We can now repeat this process for the first 16 characters, and do the same for the next blocks until we recover the full flag.

Here’s a python script I wrote that retrieves the flag using the algorithm explained above.

I’m using the pwntools module to connect to the server and the strings module to brute-force all printable characters.

get_flag.py

#!/usr/bin/env python3

from pwn import *
from string import printable

# The block size is 16 bytes represented by 32 hex characters
block_size = 32


def get_blocks(ciphertext):
    '''
    This function takes a hex ciphertext and returns a list of the blocks composing it
    '''
    new = []
    for i in range(0, len(ciphertext), block_size):
        new.append(ciphertext[i:i+block_size])
    return new

host = 'chals20.cybercastors.com'
port = 14420

# Initiate the connection to the server
p = remote(host , port)

# List of retrieved characters
known_data = []

# We know that the flag is made of 3 blocks
for i in range(3):

    # For each block we get the 16 characters of the flag
    while len(known_data) < 16 * (i+1):

        # We forge our payload and send it
        payload = "A" * (15 + (16*i) - len(known_data))
        p.recv()
        p.sendline(b'2')
        p.recv()
        p.sendline(payload.encode())
        result = p.recv().decode("utf-8")
        ciphertext = result.split("\n")[2]
        blocks = get_blocks(ciphertext)

        # We save the reference block for later comparison
        reference_block = blocks[i]

        # Brute-forcing the character
        for c in printable:
            print("Trying string = " + "".join(known_data) + c)
            payload = "A" * (15 + (16*i) - len(known_data)) + ''.join(known_data) + c
            p.recv()
            p.sendline(b'2')
            p.recv()
            p.sendline(payload.encode())
            result = p.recv().decode("utf-8")
            ciphertext = result.split("\n")[2]
            blocks = get_blocks(ciphertext)

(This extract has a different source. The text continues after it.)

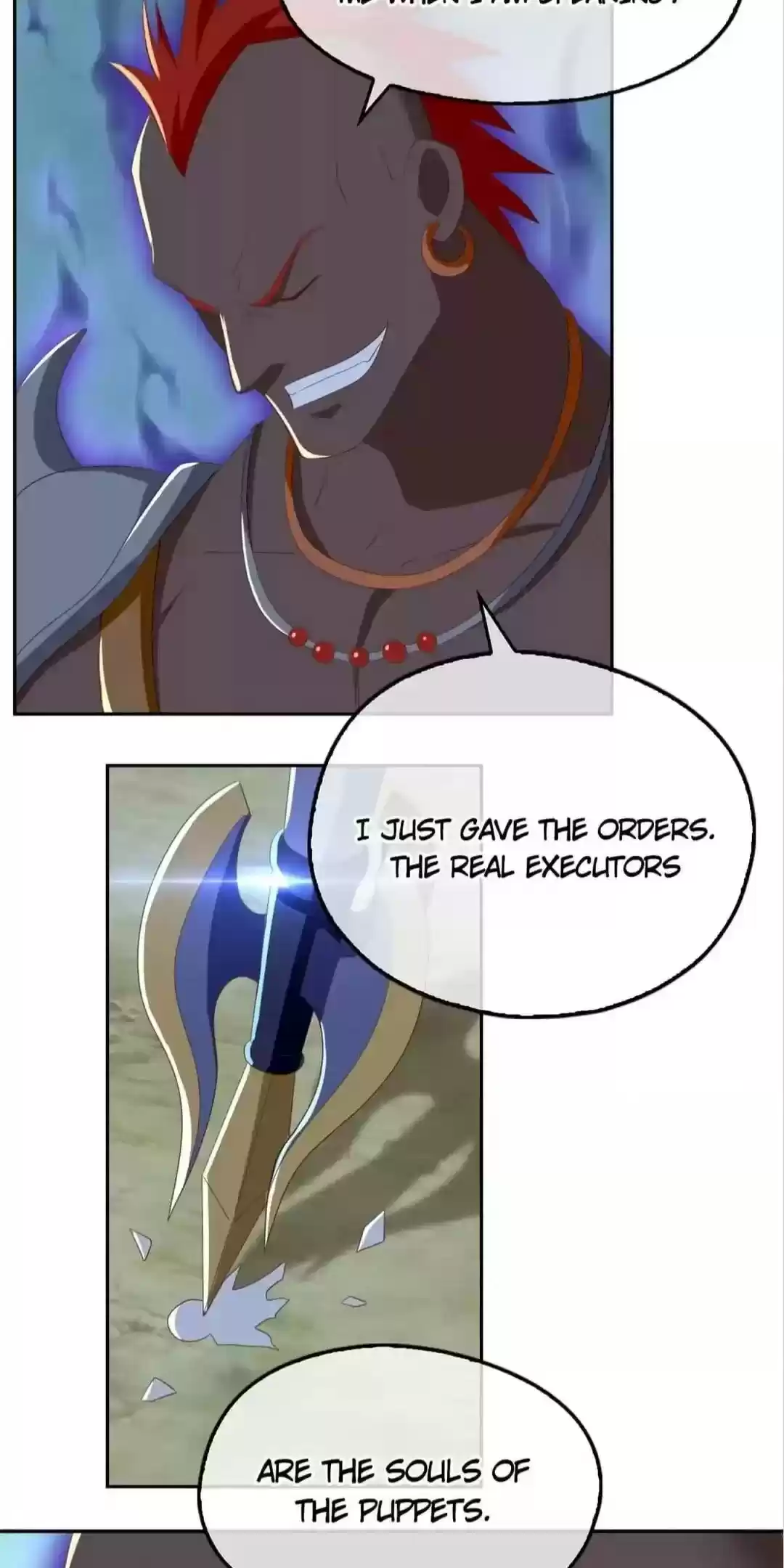 Drop-Dead Beauty Chapter 90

            # We compare the blocks
            if blocks[i] == reference_block:
                print('Character retrieved: ' + c)
                known_data.append(c)
                break

print("The flag: " + ''.join(known_data))

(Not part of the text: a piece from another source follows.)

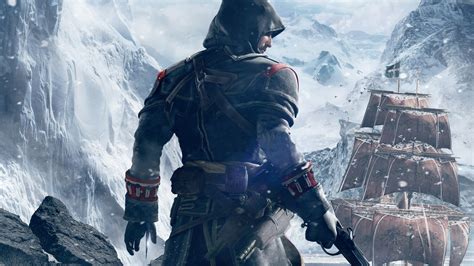 Assassins Creed Rogue Hd Ps4xb1 Rated In Korea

# Close the connection to the server
p.close()

Running this script gives the following output :

$ python3 get_flag.py

. . .

Trying string = castorsCTF{I_L1k3_muh_b4G3l5_3x7r4_cr15pY@
Trying string = castorsCTF{I_L1k3_muh_b4G3l5_3x7r4_cr15pY[
Trying string = castorsCTF{I_L1k3_muh_b4G3l5_3x7r4_cr15pY\
Trying string = castorsCTF{I_L1k3_muh_b4G3l5_3x7r4_cr15pY]
Trying string = castorsCTF{I_L1k3_muh_b4G3l5_3x7r4_cr15pY^
Trying string = castorsCTF{I_L1k3_muh_b4G3l5_3x7r4_cr15pY_
Trying string = castorsCTF{I_L1k3_muh_b4G3l5_3x7r4_cr15pY`
Trying string = castorsCTF{I_L1k3_muh_b4G3l5_3x7r4_cr15pY{
Trying string = castorsCTF{I_L1k3_muh_b4G3l5_3x7r4_cr15pY|
Trying string = castorsCTF{I_L1k3_muh_b4G3l5_3x7r4_cr15pY}
Character retrieved: }
Trying string = castorsCTF{I_L1k3_muh_b4G3l5_3x7r4_cr15pY}0
Character retrieved: 0
Trying string = castorsCTF{I_L1k3_muh_b4G3l5_3x7r4_cr15pY}00
Character retrieved: 0
Trying string = castorsCTF{I_L1k3_muh_b4G3l5_3x7r4_cr15pY}000
Character retrieved: 0
Trying string = castorsCTF{I_L1k3_muh_b4G3l5_3x7r4_cr15pY}0000
Character retrieved: 0
Trying string = castorsCTF{I_L1k3_muh_b4G3l5_3x7r4_cr15pY}00000
Character retrieved: 0
Trying string = castorsCTF{I_L1k3_muh_b4G3l5_3x7r4_cr15pY}000000
Character retrieved: 0
The flag: castorsCTF{I_L1k3_muh_b4G3l5_3x7r4_cr15pY}000000

We successfully retrieved the flag with its padding.

The flag is : castorsCTF{I_L1k3_muh_b4G3l5_3x7r4_cr15pY}